The defendant was convicted of crimes in connection with stealing clothing and goods from a Macy's department store in the Roosevelt Field Mall. The evidence at trial included surveillance video showing the theft, the testimony of a Macy's asset protection detective who witnessed the theft and recovered the stolen items from the defendant's bag, the defendant's written statement admitting the theft, and testimony from a Macy's assistant asset protection manager that the value of the stolen items exceeded $1,000.

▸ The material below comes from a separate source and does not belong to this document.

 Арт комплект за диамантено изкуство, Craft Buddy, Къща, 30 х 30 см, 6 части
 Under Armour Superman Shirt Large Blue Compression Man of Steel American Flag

The defendant's contention that there was legally insufficient evidence to support the conviction of grand larceny in the fourth degree is without merit. Viewing the evidence in the light most favorable to the prosecution (see People v Contes, 60 NY2d 620, 621 [1983]), we find that it was legally sufficient to establish the defendant's guilt of grand larceny in the fourth degree beyond a reasonable doubt. Moreover, in fulfilling our responsibility to conduct an independent review of the weight of the evidence (see CPL 470.15 [5]; People v Danielson, 9 NY3d 342 [2007]), we nevertheless accord great deference to the jury's opportunity to view the witnesses, hear the testimony, and observe demeanor (see People v Mateo, 2 NY3d 383 [2004]; People v Bleakley, 69 NY2d 490 [1987]). Upon reviewing the record here, we are satisfied that the verdict of guilt with respect to that count was not against the weight of the evidence (see People v Romero, 7 NY3d 633 [2006]).

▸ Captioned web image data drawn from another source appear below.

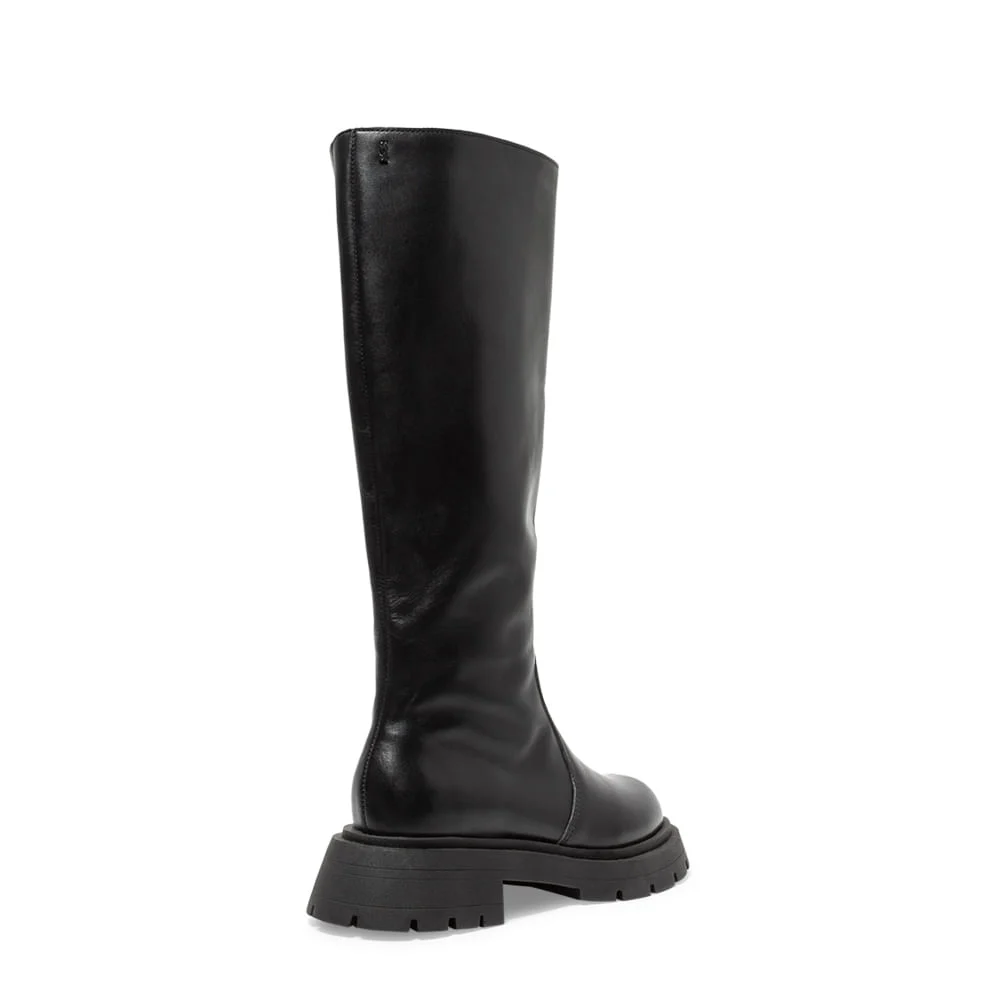 Bota Tratorada Preta Couro Cano Longo - vista 4 de 4
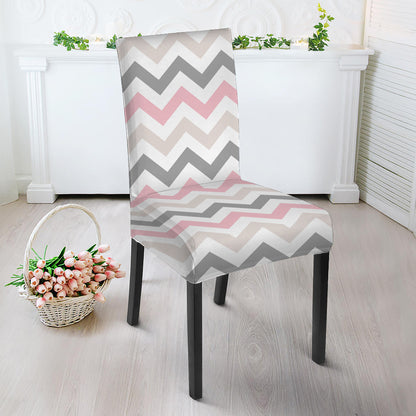 Pink White And Grey Chevron Print Dining Chair Slipcover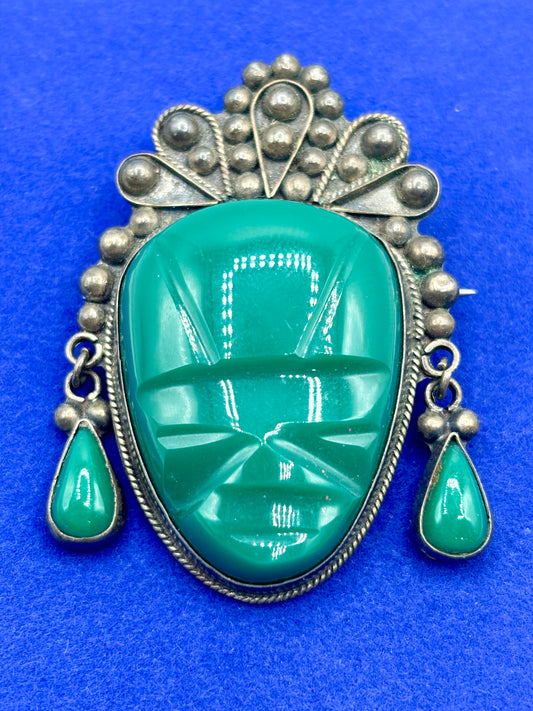 Sterling Silver Mexican Carved Green Onyx Brooch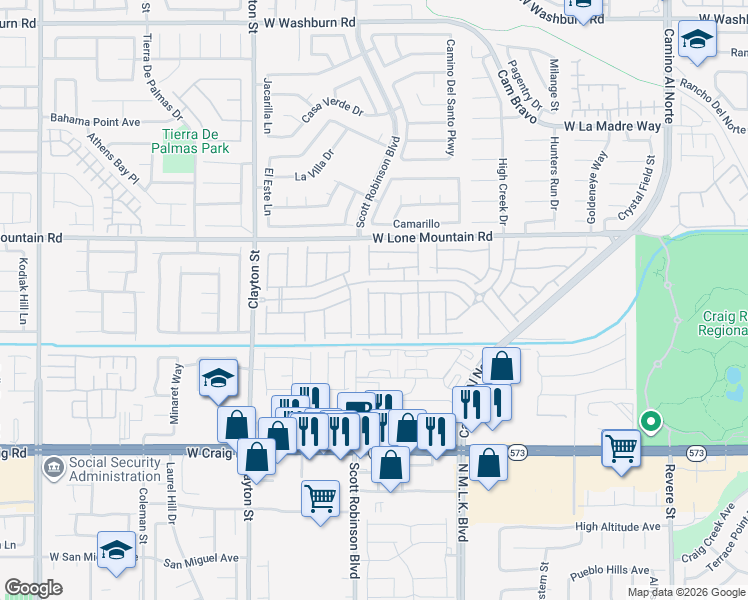 map of restaurants, bars, coffee shops, grocery stores, and more near 4642 Chirping Street in North Las Vegas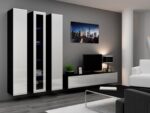 Cama Full cabinet VIGO '180' 180/40/30 white/black gloss - imagine 2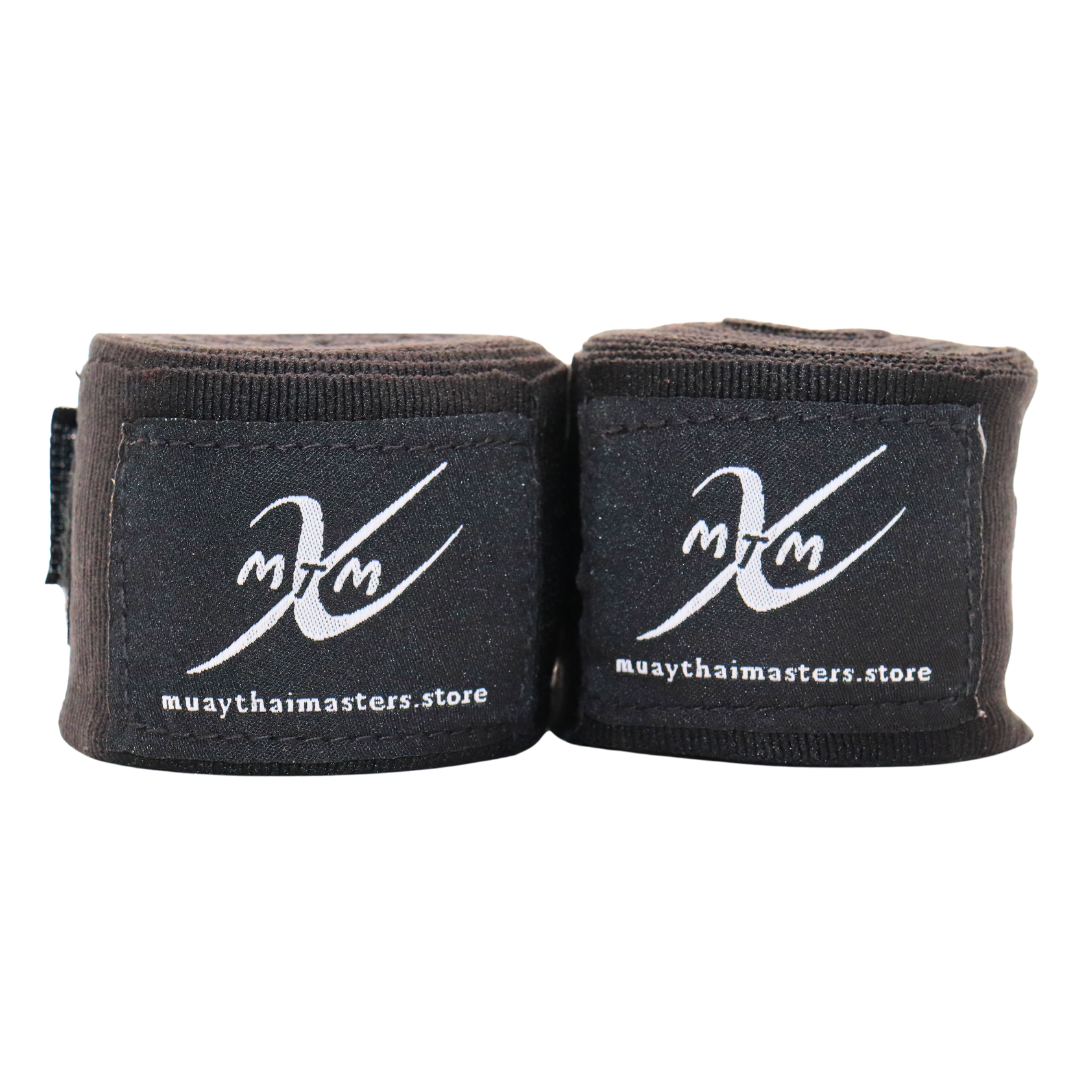 120" (3m) - Black - Muay Thai Masters Premium Cotton Hand Wraps for Muay Thai and Boxing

The defendant was not deprived of the effective assistance of counsel. Viewed in totality and as of the time of the representation, the record reveals that the defendant's attorney provided meaningful representation (see People v Benevento, 91 NY2d 708 [1998]; People v Baldi, 54 NY2d 137 [1981]). Duffy, J.P., Christopher, Dowling and Warhit, JJ., concur.